06 September 2008

The Finger

I spent last night at Grillo South (Beacon Falls) to watch and clean up after the two cats while my parents vacationed at Grillo North (Plymouth, N.H.). It was a nice break from a hectic week of 5 a.m. shifts and schoolwork. But the extra effort is worth it: I'm only 15 weeks and a thesis away from adding "M.S." at the end of my name in my email signatures (e.g. Michael L. Grillo, M.S.).

On my way back to Grillo East (my apartment in Middletown), a silver Scion sped by me as the rain fell and pulled in front of me. At the next light, I moved into the passing lane and pulled in front of the Scion after passing it at a reasonable speed.

The Scion then sped around me, and a minute later, a child wearing some sort of bandana around his head leaned out the passenger-side window, shouted at me and extended his middle finger in my direction. The child, no older than 16, had a menacing look on his face, and I flashed the highbeams to acknowledge his presence.
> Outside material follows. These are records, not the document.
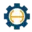 Vegprocess.com Logo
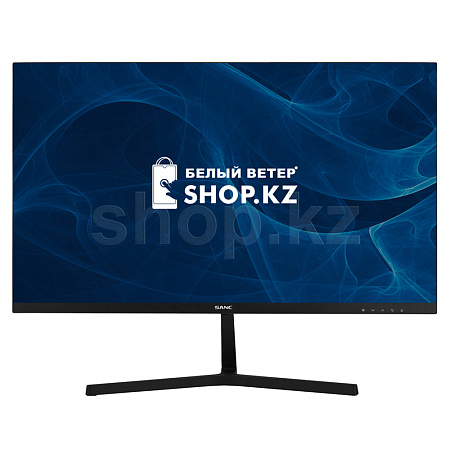 Монитор 23.8" Sanc M2453 IPS, Black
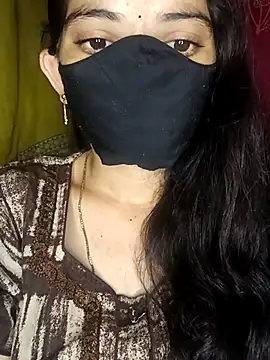 Telugu Cute Angel online show from April 2, 4:46 pm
I normally have no hope for most teenage males because this is the way they generally act. Though I wasn't the most polite 16-year-old myself, I had enough manners to not act like such a clown in front of strangers.

This led me to think: why does anybody use their middle finger as an initial reaction to strangers? There's so much unjustified hate in the world, and it isn't right. What we need is...

Justified hate. If I hate someone because they hate me enough to flip me the bird for no reason, then that is perfectly alright. At least Jesus would say that, if he's as human as I believe him to be. So, with this logic, it will only be ok to attack Iran if they do something stupid to us first.

Just wait President Obama/McCain/Barr/Nader/Grillo: like Joe Biden, Iran can't keep its mouth shut forever.